> **Directions for this task**
All lines from the one containing "Picture of British" down to the one containing "Software testing, quality", both ends included, are to be given again exactly; omit the rest of the listing below.

> **Records shown**
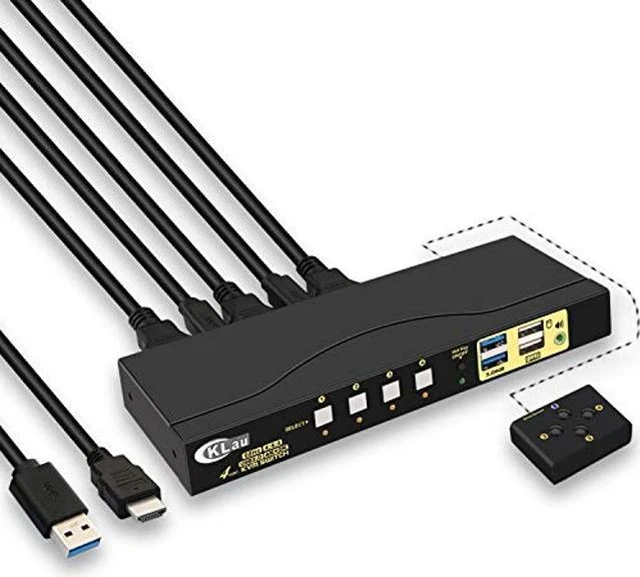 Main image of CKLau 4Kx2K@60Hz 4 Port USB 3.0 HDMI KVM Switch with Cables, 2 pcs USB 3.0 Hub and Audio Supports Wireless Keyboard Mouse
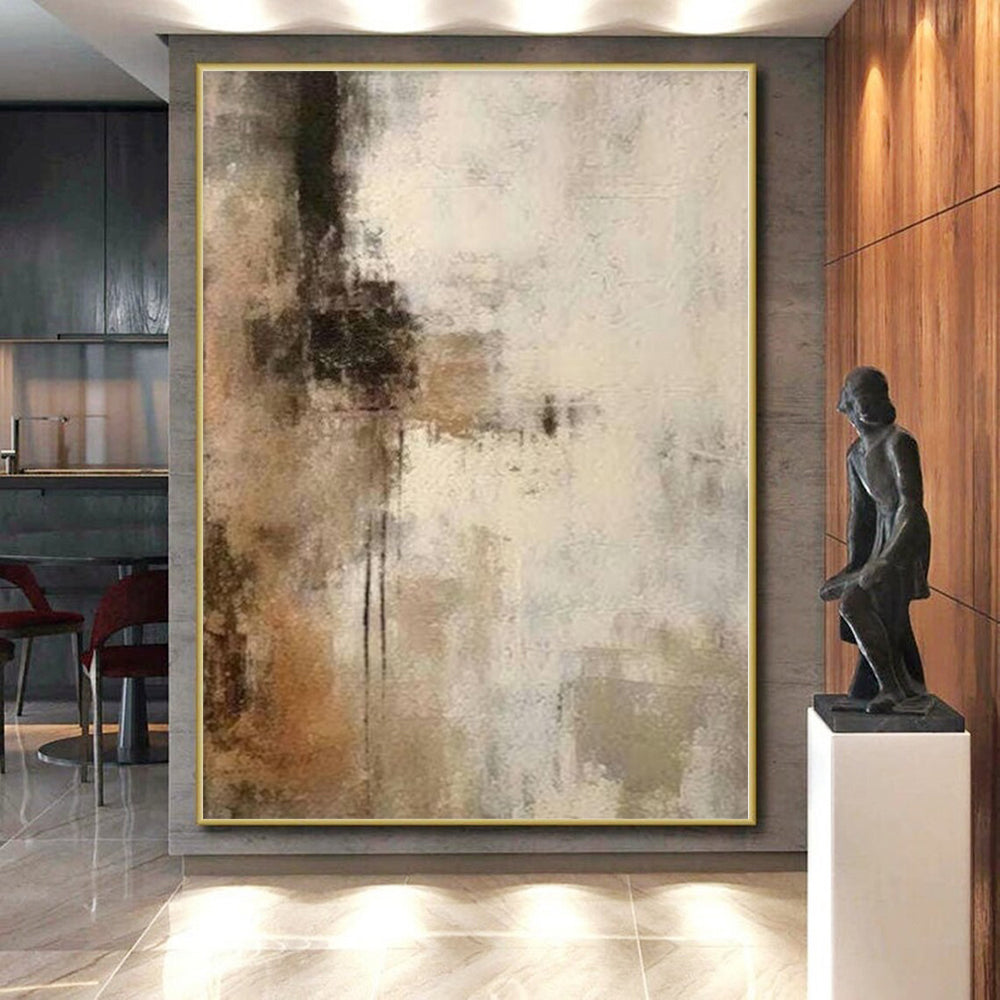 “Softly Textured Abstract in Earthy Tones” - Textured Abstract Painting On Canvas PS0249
---
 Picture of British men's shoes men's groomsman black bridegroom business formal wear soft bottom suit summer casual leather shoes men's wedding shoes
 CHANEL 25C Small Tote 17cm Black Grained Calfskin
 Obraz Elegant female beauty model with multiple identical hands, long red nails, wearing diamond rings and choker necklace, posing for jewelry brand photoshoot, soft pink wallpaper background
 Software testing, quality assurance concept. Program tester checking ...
...
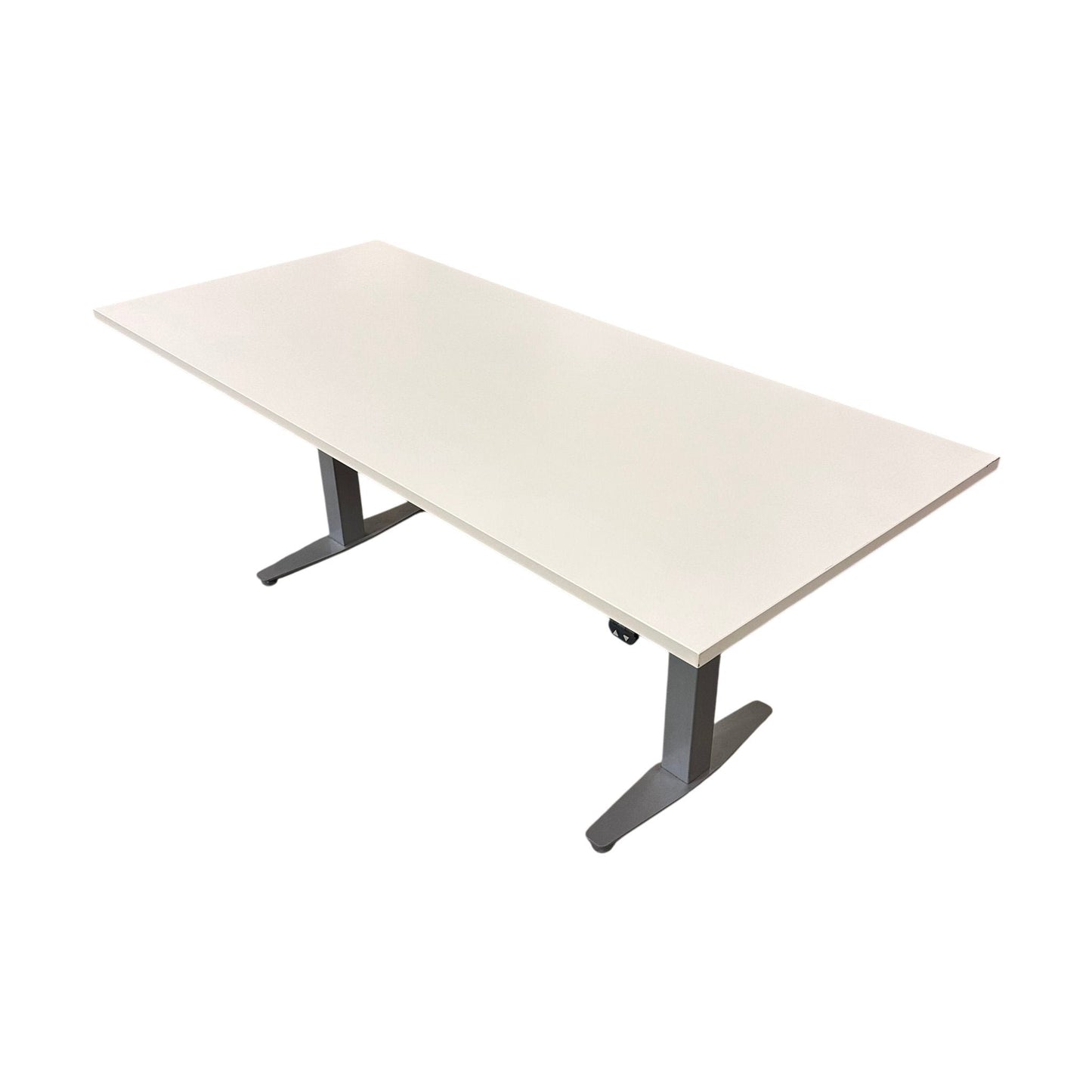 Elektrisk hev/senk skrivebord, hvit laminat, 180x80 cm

> **Output for this task**
 Picture of British men's shoes men's groomsman black bridegroom business formal wear soft bottom suit summer casual leather shoes men's wedding shoes
 CHANEL 25C Small Tote 17cm Black Grained Calfskin
 Obraz Elegant female beauty model with multiple identical hands, long red nails, wearing diamond rings and choker necklace, posing for jewelry brand photoshoot, soft pink wallpaper background
 Software testing, quality assurance concept. Program tester checking ...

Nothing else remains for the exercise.